-- Information provided follows --

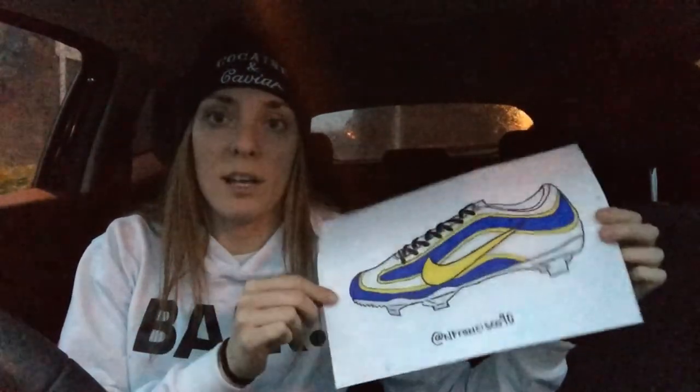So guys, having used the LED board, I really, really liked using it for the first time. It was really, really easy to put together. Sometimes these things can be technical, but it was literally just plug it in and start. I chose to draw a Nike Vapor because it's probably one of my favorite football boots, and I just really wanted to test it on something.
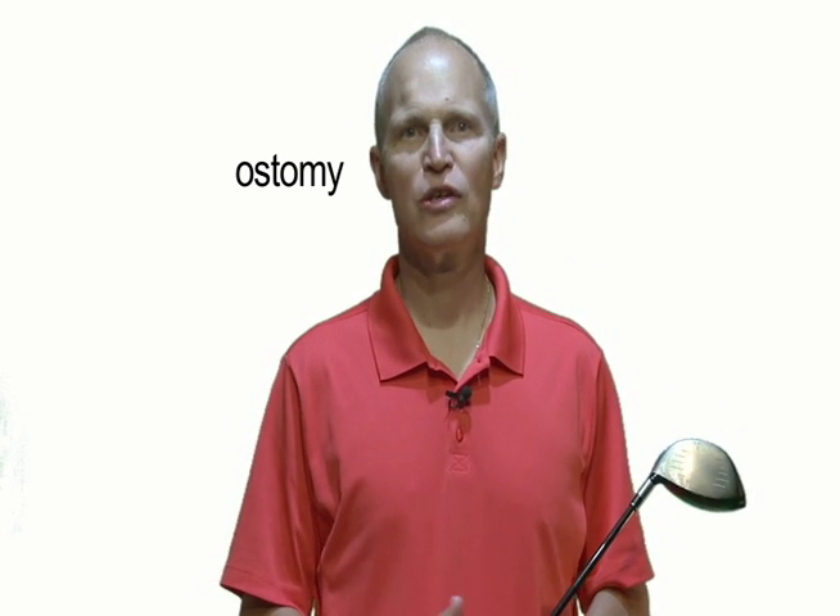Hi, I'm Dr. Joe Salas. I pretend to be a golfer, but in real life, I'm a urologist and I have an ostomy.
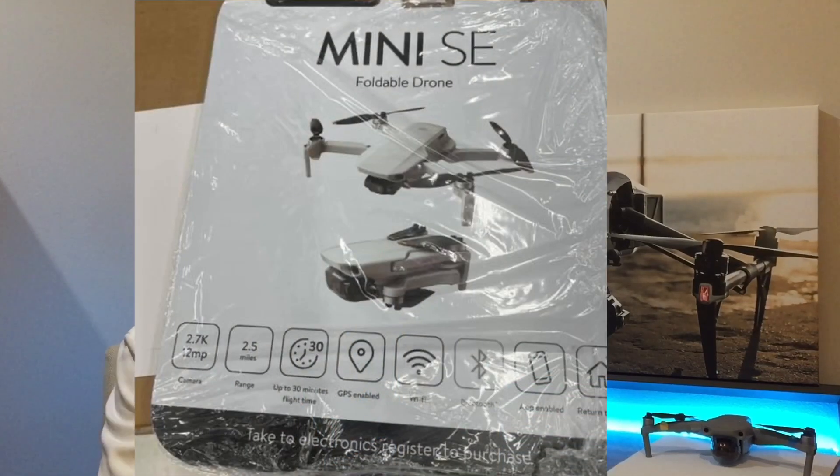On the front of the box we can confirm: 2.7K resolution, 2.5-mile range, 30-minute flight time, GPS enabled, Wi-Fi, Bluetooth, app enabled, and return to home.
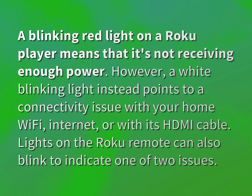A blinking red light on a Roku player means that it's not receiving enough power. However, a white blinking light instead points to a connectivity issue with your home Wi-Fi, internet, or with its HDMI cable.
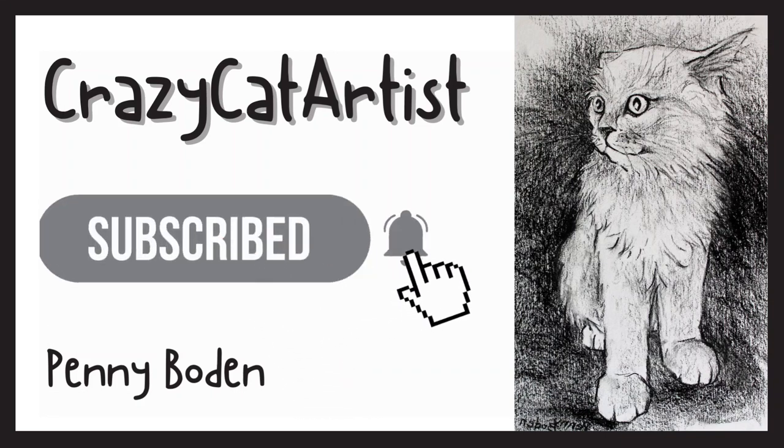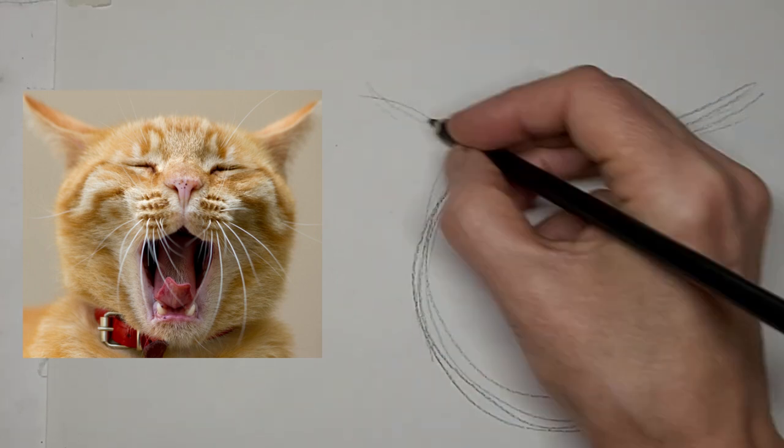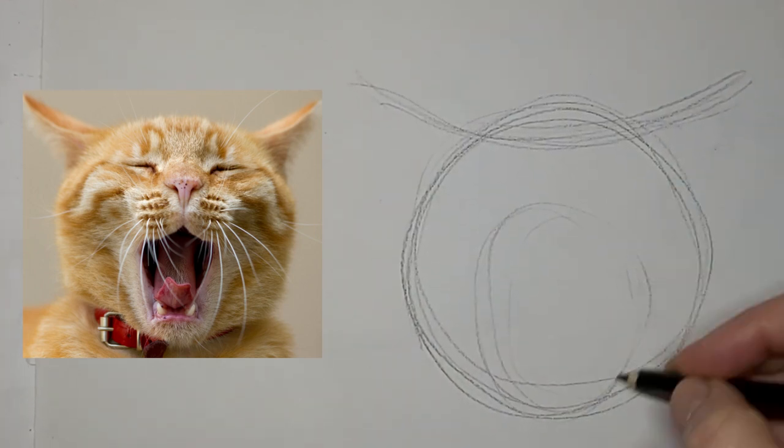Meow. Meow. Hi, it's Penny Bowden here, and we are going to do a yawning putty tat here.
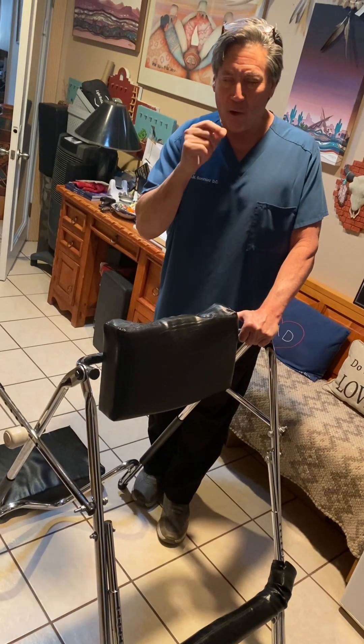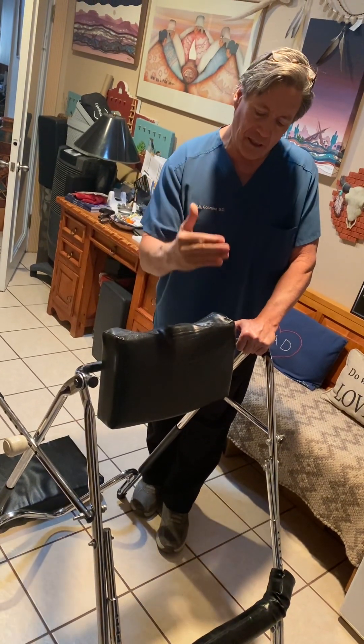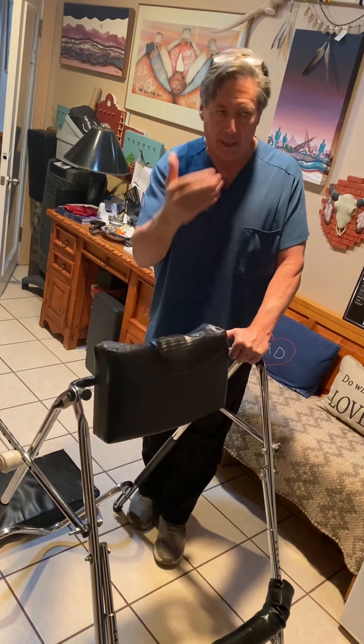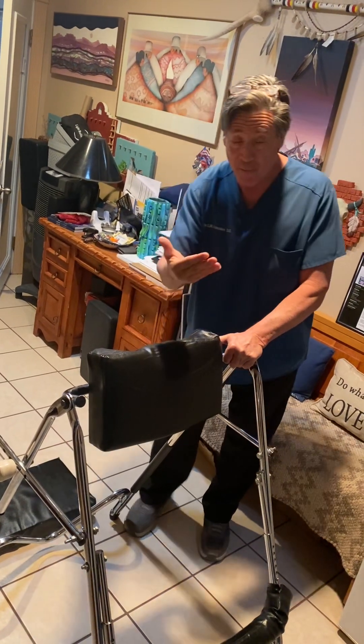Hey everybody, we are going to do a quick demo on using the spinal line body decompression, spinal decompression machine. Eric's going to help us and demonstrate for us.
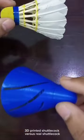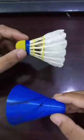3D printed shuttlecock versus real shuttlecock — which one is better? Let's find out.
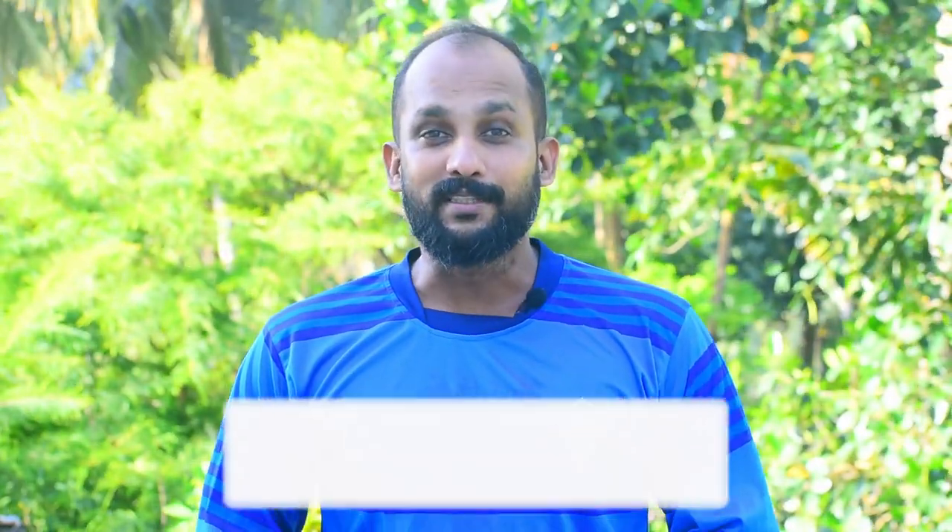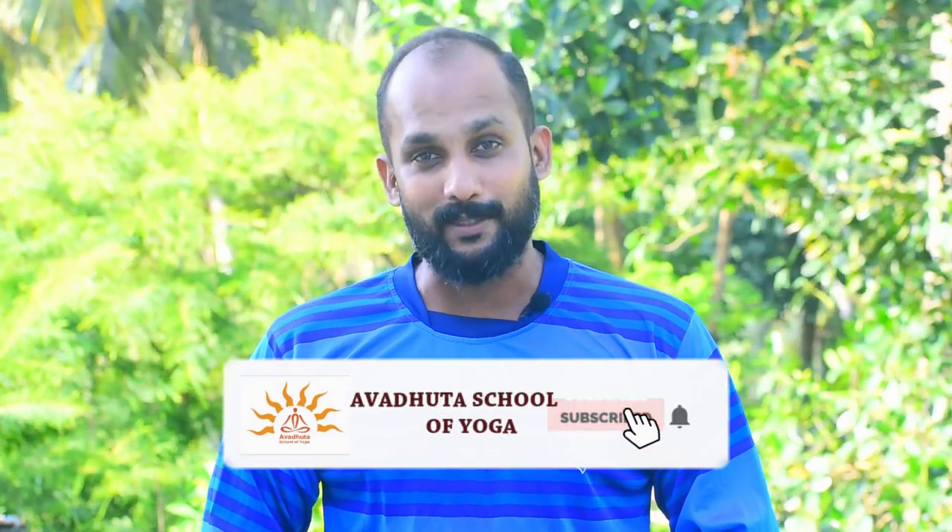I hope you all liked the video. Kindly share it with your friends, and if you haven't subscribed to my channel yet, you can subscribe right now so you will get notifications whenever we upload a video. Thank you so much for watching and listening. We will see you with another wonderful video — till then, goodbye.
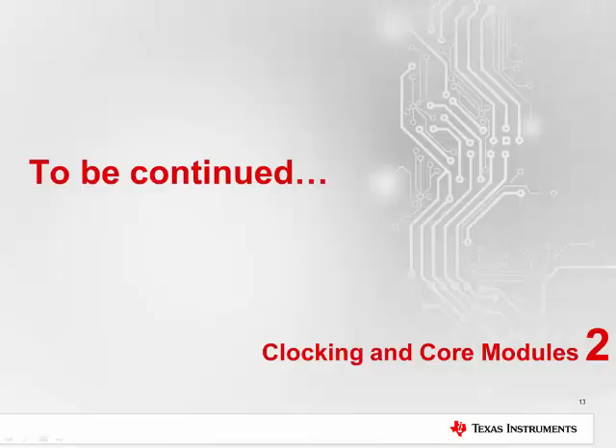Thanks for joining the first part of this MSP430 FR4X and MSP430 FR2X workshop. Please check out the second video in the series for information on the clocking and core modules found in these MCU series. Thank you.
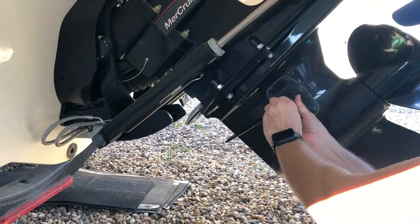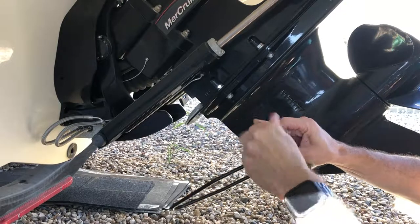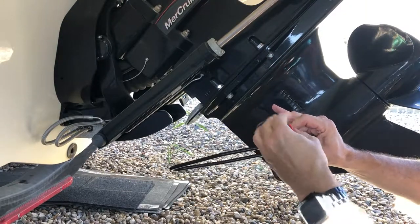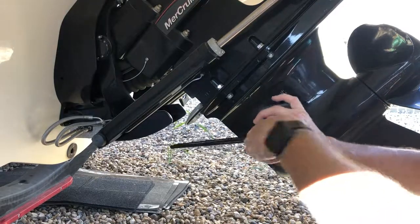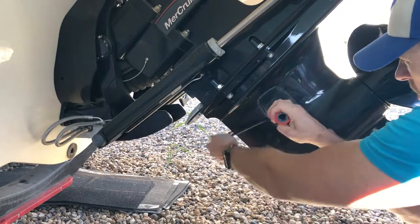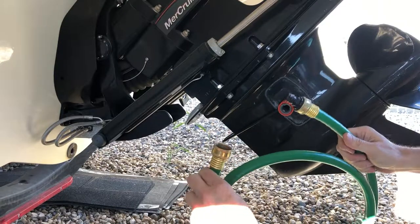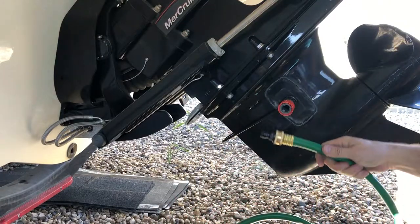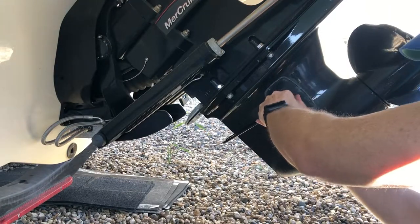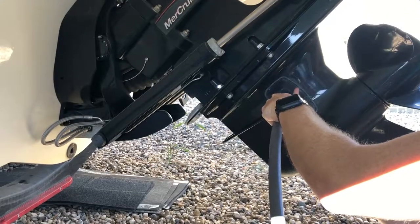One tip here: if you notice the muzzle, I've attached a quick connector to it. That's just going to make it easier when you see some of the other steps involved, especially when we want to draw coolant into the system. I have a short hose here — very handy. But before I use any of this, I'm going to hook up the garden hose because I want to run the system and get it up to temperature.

-- Information provided concluded --

From the opening line of the entries, copy each line exactly until the line with "3D printed shuttlecock", which is copied as well; leave out pictures.

So guys, having used the LED board, I really, really liked using it for the first time. It was really, really easy to put together. Sometimes these things can be technical, but it was literally just plug it in and start. I chose to draw a Nike Vapor because it's probably one of my favorite football boots, and I just really wanted to test it on something.
Hi, I'm Dr. Joe Salas. I pretend to be a golfer, but in real life, I'm a urologist and I have an ostomy.
On the front of the box we can confirm: 2.7K resolution, 2.5-mile range, 30-minute flight time, GPS enabled, Wi-Fi, Bluetooth, app enabled, and return to home.
A blinking red light on a Roku player means that it's not receiving enough power. However, a white blinking light instead points to a connectivity issue with your home Wi-Fi, internet, or with its HDMI cable.
Meow. Meow. Hi, it's Penny Bowden here, and we are going to do a yawning putty tat here.
Hey everybody, we are going to do a quick demo on using the spinal line body decompression, spinal decompression machine. Eric's going to help us and demonstrate for us.
3D printed shuttlecock versus real shuttlecock — which one is better? Let's find out.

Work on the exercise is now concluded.